> **What to work on**
Span requested from the data below: the line with "Level 8 Blonde Hair, Hair" through the line with "Darujem kocúrov - 5", both included. Give only these lines again, exactly, and leave every picture out.

> **Dataset excerpts**
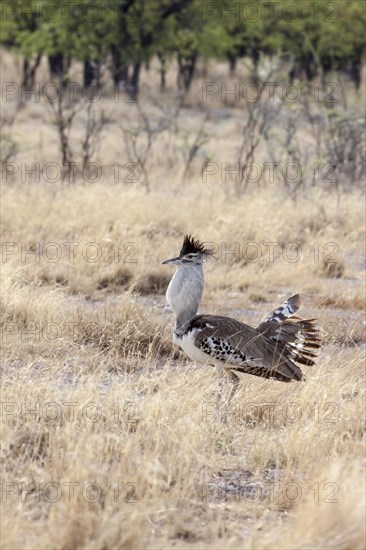 Kori Bustard (Ardeotis kori)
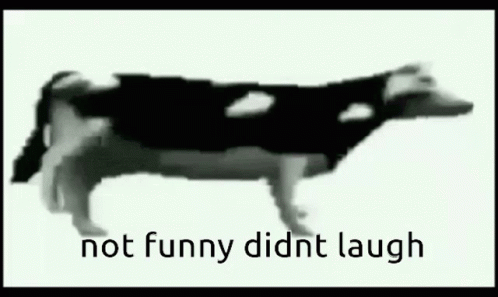 black and white pograph of a cow with the words not funny didn't laugh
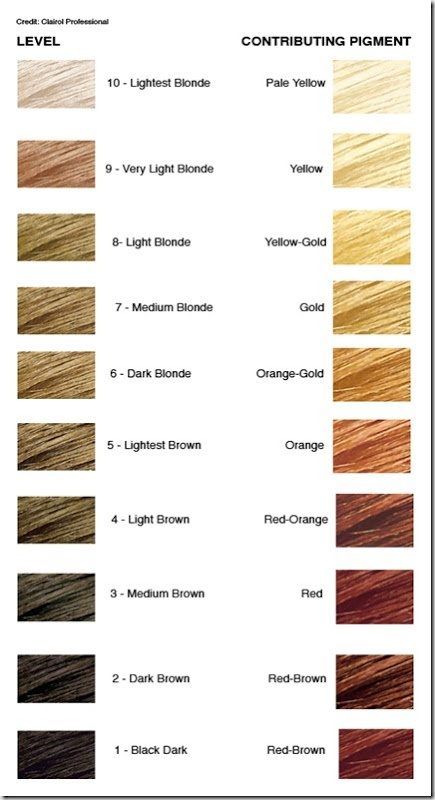 Level 8 Blonde Hair, Hair Level Chart, Level 8 Hair Color, Level 8 Blonde, Toning Bleached Hair, Medium Ash Blonde Hair, Ash Blonde Hair Dye, Hair Chart, Schwarzkopf Hair Color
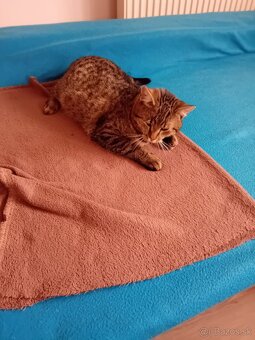 Darujem kocúrov - 5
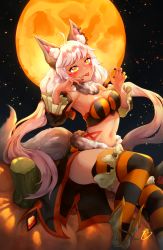 Rule 34 | 1girl, absurdres, ahoge, alternate costume, animal ears, breadthree, breasts, guardian tales, halloween, highres, ice witch lupina, long hair, looking at viewer, medium breasts, multicolored clothes, multicolored legwear, night, night sky, pumpkin, sitting, sky, sleeveless, tail, tattoo, twintails, white hair, wolf ears, wolf girl, wolf tail, yellow eyes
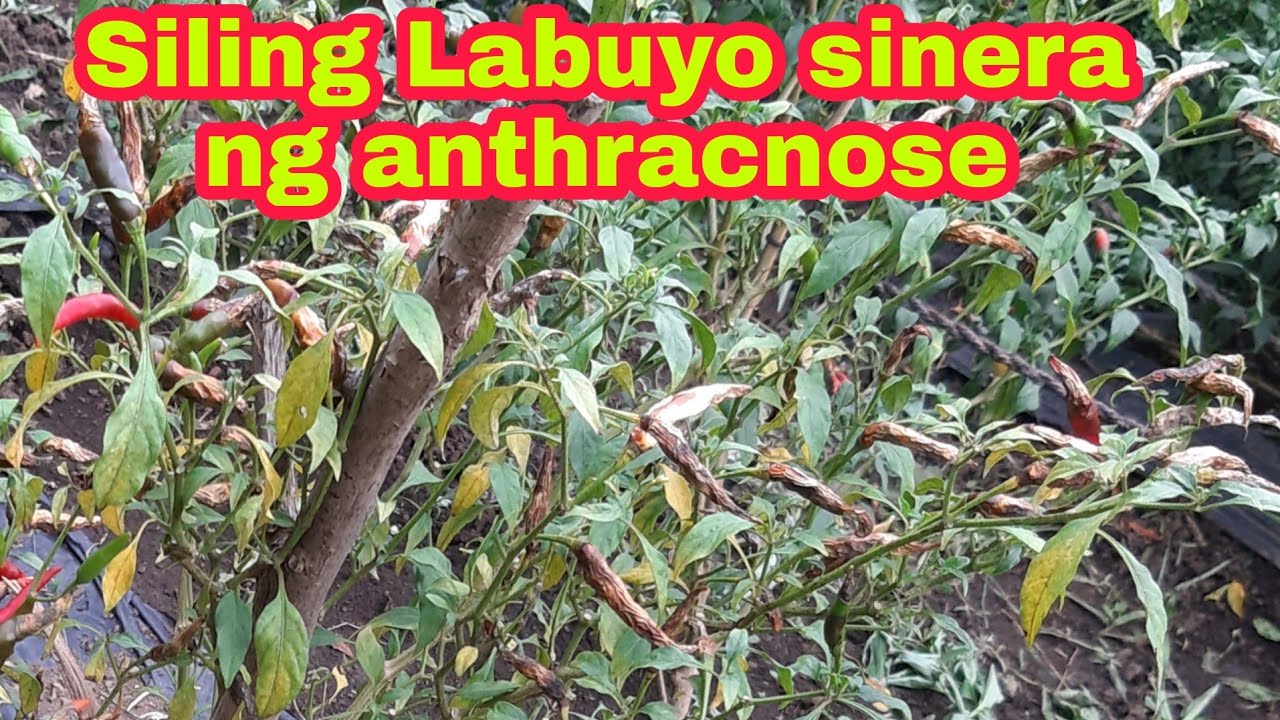 Siling Labuyo inatake ng fungos na anthracnose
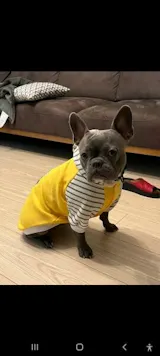 User picture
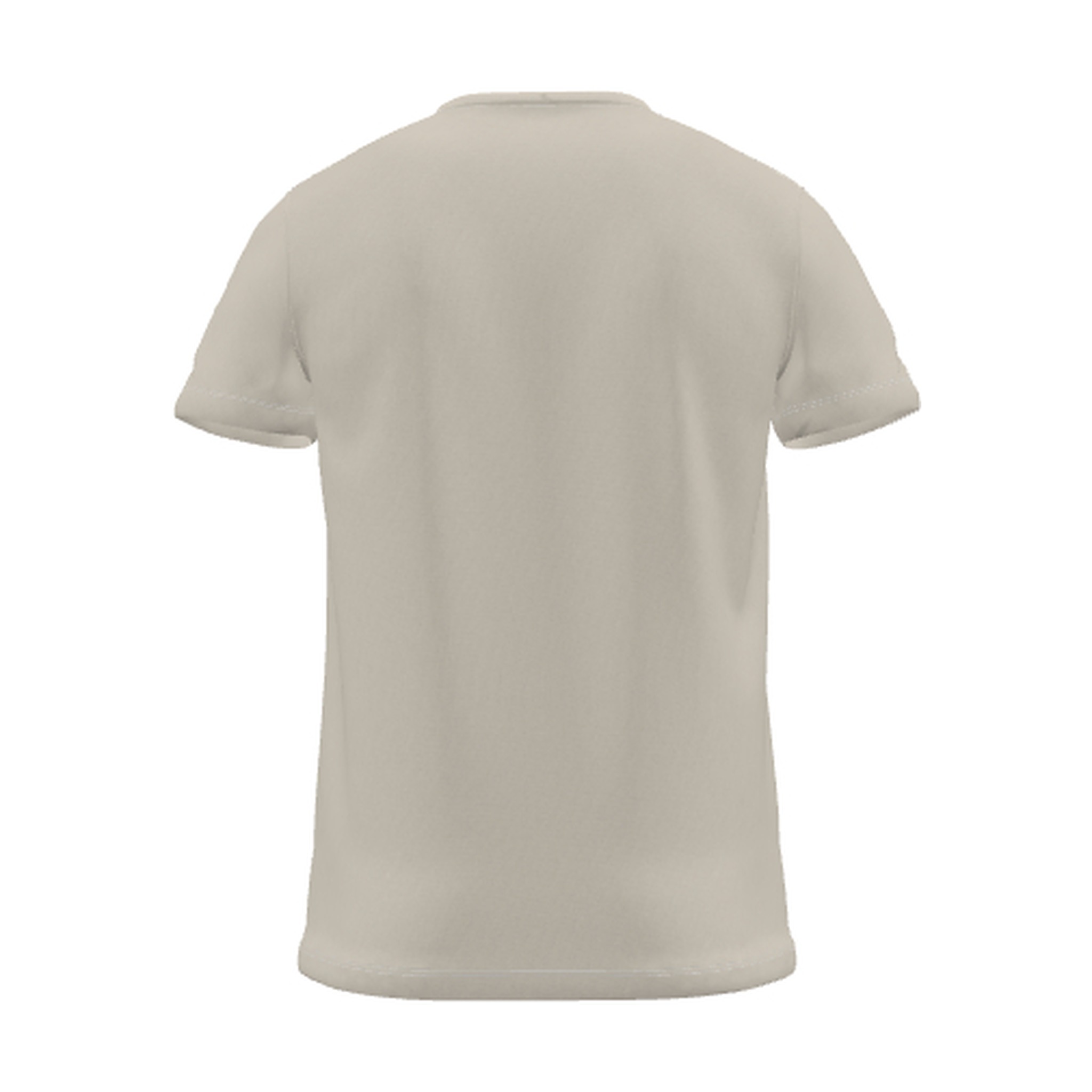 Stone T-Shirt, back view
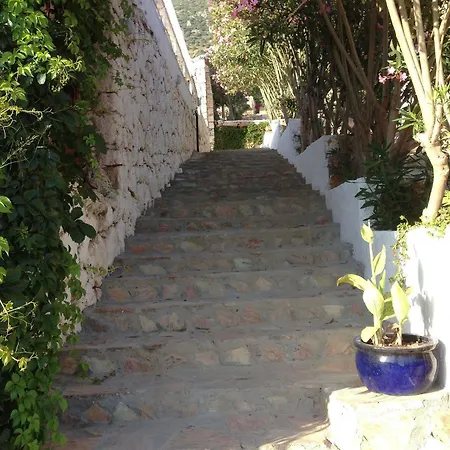 Lavender's Kalkan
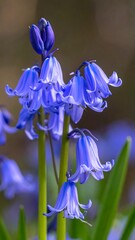 Close-up of vibrant bluebells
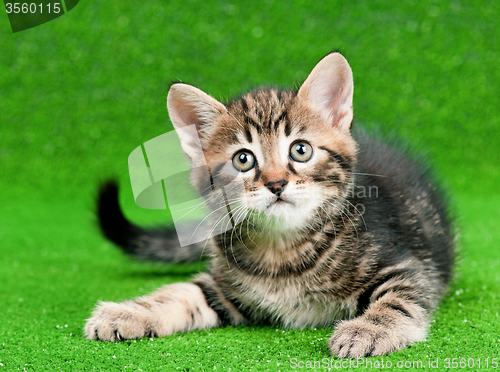 Image of Cute kitten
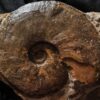 Staufenia sehndensis, Dogger, Gosheim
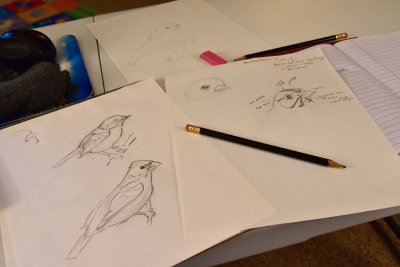 First Bird Sketches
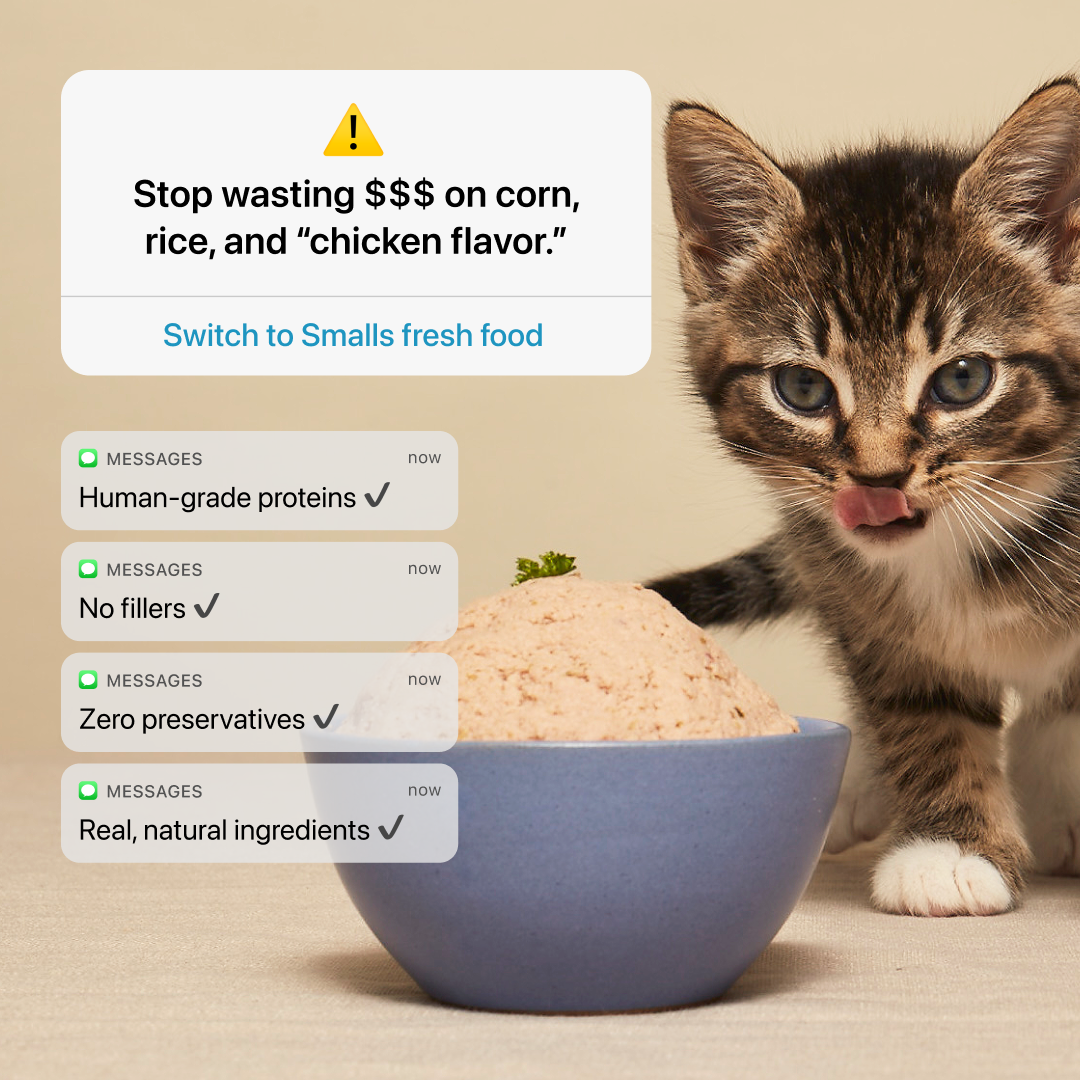 Smalls_WastingYourMoney_StillAd_1080x1080_V1-D.png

> **Exercise response**
 Level 8 Blonde Hair, Hair Level Chart, Level 8 Hair Color, Level 8 Blonde, Toning Bleached Hair, Medium Ash Blonde Hair, Ash Blonde Hair Dye, Hair Chart, Schwarzkopf Hair Color
 Darujem kocúrov - 5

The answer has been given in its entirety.